[[ Record extracts, beginning ]]

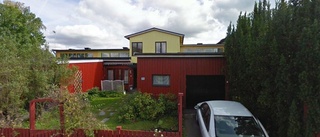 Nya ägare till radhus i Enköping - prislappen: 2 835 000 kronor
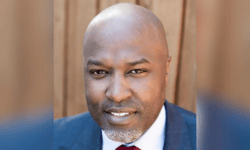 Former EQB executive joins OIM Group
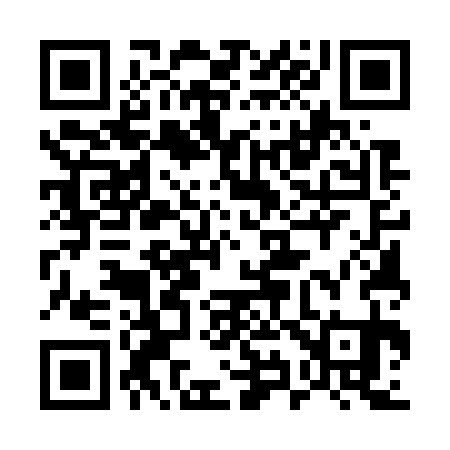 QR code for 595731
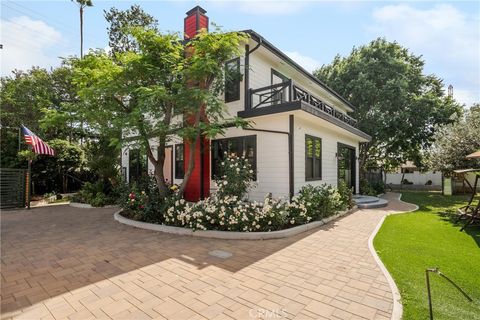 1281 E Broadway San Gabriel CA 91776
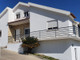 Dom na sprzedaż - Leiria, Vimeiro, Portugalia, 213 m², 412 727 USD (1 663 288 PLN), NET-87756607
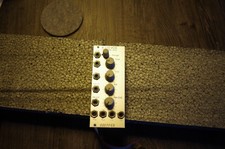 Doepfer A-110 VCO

[[ Record extracts, end ]]
[[ Record extracts, beginning ]]

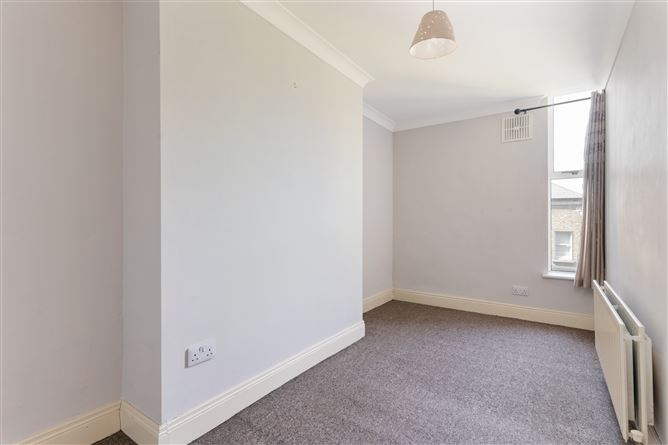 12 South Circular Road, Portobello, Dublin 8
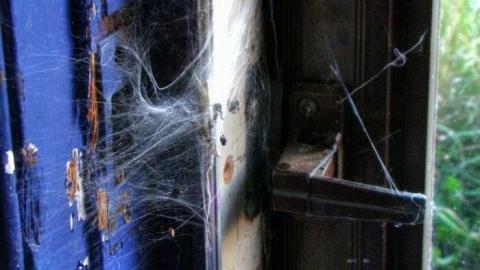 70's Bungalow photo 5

[[ Record extracts, end ]]

Exercise requirements →
Among the entries above, locate the line with "Nya ägare till" and the line with "Doepfer A-110 VCO". Give those two lines and all lines between them again, exactly, leaving out the pictures.

Result for this exercise →
 Nya ägare till radhus i Enköping - prislappen: 2 835 000 kronor
 Former EQB executive joins OIM Group
 QR code for 595731
 1281 E Broadway San Gabriel CA 91776
 Dom na sprzedaż - Leiria, Vimeiro, Portugalia, 213 m², 412 727 USD (1 663 288 PLN), NET-87756607
 Doepfer A-110 VCO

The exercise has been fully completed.